Pain of macros. Before I started working on macros in Elisp, the source code organization was straightforward and dependencies were unidirectional: I had types.js describing Lisp types, parser.js was turning an input string to a Lisp object, translate.js was taking a Lisp object and producing ephemeral JS code from it; elisp.js nicely packed everything into a high-level wrapper.

Once I’d added macros, the architecture became a mess: now even types.js requires elisp.eval_lisp(), creating circular references and lazy-loading in parser.js and translate.js. Maybe, I will be able to abstract the runtime parts from these files later, but macros really made the interpreter source code tightly coupled and intertwined. Just look at this pearl (yes, every function call might require a recompilation in Elisp):

LispFun.prototype.fcall = function(args, env) {
  try {
    return elisp.fcall.call(this, args, env);
  } catch (e) {
    if (e.message !== 'Macro accessed as a function')
      throw e;
    /* trigger recompilation */
    this.func = undefined;
    return elisp.fcall.call(this, args, env);
  }
};

Repl tab completion is easy and surprisingly useful. My heuristic for tab completion is very crude and dumb at the moment: just looking back until the start of the current symbol and if there’s a (, complete the symbol as a function, otherwise complete it as a variable. Still, it works pretty reliably and saves a lot of typing. Also, this gave me a little insight why on earth anybody would prefer Lisp-2 (an ugly, ugly idea compared to Lisp-1!): now I understand that Lisp-2 might be slightly easier for tooling.

Profiling and benchmarking

v8 is fast!

Still, my first naive version that could run silly-loops made even v8 stumble compared to the slow Emacs interpreter. I had to learn about v8 profiling and it took several significant optimizations for it to become competitive with Emacs (this shows execution time in seconds):

$ npm run bench

> elisp.js@0.1.0 bench /home/mitra/code/elisp.js
> ./bench/bench

funcall
     now: 0,285
   emacs: 0,255
silly-loop
     now: 0,834
   emacs: 1,845

There is no free lunch, a slow implementation is still a slow implementation even on a fast engine. Profiling can guide to faster code though, so it’s better to say “v8 can be fast”.

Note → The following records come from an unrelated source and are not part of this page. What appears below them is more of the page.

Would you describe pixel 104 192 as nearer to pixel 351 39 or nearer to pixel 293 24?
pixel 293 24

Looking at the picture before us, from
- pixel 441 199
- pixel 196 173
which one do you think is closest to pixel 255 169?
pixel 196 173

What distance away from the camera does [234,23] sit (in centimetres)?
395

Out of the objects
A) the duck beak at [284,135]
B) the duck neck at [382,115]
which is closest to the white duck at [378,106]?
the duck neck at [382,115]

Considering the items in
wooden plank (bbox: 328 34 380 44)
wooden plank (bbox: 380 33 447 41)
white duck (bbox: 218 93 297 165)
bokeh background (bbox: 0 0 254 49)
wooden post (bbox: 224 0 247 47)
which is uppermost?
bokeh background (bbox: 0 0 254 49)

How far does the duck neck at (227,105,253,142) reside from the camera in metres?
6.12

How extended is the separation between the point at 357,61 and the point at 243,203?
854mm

Still, I find the results pretty satisfying for my limited resources.

What exactly is done in 0.1.0

Citing the CHANGELOG,

  • language types: integer, symbol, nil, cons, string, vector; LispFun and LispMacro as invisible “upgrades” to lists when appropriate;
  • language special forms: let, lambda, quote, setq, if, progn, while;
  • language subrs (builtin functions): subrp, functionp, macrop, listp, numberp, booleanp, read, eval, macroexpand-1, jscode, jseval, +, -, *, <, car, cdr, cons, list, fset, symbol-function, error, print, float-time.
  • functions: positional arguments only, dynamic scoping;
  • UI: repl.js with defmacro, defun, defvar; tab-completion of functions and variables;
  • UI: a browser demo using webpack;
  • benchmarked and optimized, in the ballpark of Emacs interpreter or faster.

Things to do before 0.2.0

The main goals for 0.2.0 at the moment are:

  • Make it parse and interpret non-trivial amount of source code from lisp/emacs-lisp/ of Emacs;
  • Add meaningful robust error handling with stacktraces, pluggable debuggers and references to source code;
  • Extend the standard library of subrs on the go as needed;
  • Give more thought to Emacs-specific types like buffers, cursors, charmaps, etc;
  • Starting at least some form of documentation.